Atari and Pharaoh's (Miss)Adventures
Pharaoh
What the title says
Rated R for Retardedness
Disclaimer: Roses are red, violets are blue. I own nothing so you can't sue.
Chapter One: Mission ImpossiblePharaoh and Atari enter a room with a tape recorder in it. The two are wearing identical black trench coats and black shades. They look at each other, then back at the tape before walking over to the tape and pressing the play button. A voice comes on that sounds like Sabe.
Tape Recorder: Hello girls.
Atari: Hi.
Tape Recorder: Don't talk back to the tape.
Pharaoh: Whoops, sorry about that.
Tape Recorder: I said don't!
Atari: Sorry! Sorry! We didn't mean to get you upset!

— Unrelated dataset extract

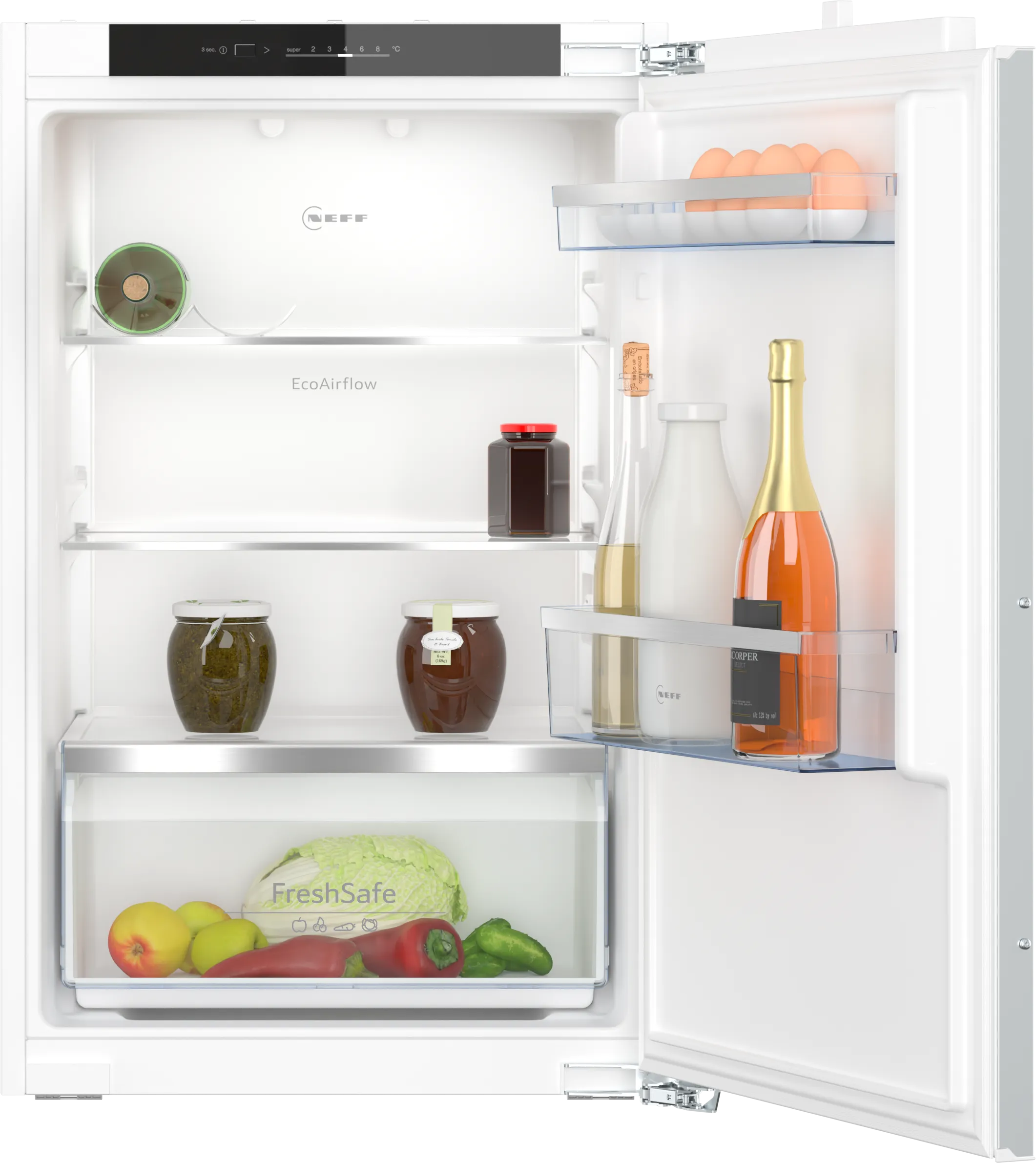 N 50 built-in fridge 88 x 56 cm flat hinge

Tape Recorder: Oi…anyway, your mission is extremely dangerous. You may not make it out of it alive, or with your sanity.
Atari: What sanity?
Pharaoh: Yeah, I think we lost our sanity along time ago…
Atari: Uh huh. I think it was in the winter of 1749…

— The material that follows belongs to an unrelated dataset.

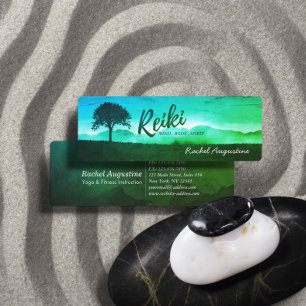 Cartão De Visita Mini Instrutor Min de Mediação de Yoga Mestre de Salóni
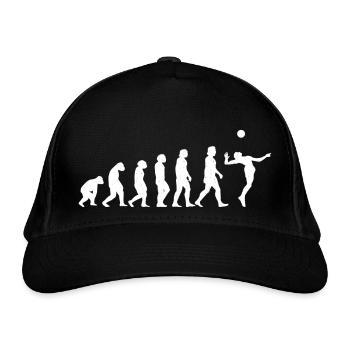 Volley-ball Jeux Evolution Silhouettes - Casquette classique bio - noir - Devant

Tape Recorder: Okay! Okay! I get it! Anyway, your mission is…to clean the toilet.
Atari and Pharaoh: -gasp!-
Tape Recorder: Your supplies are on the table. This message will self destr- (it blows up leaving Atari and Pharaoh with charred faces)
Atari and Pharaoh scoot over to the supplies table.
Atari: We have a toilet plunger.
Pharaoh: We have that brush thing that leaves the blue stuff in your toilet.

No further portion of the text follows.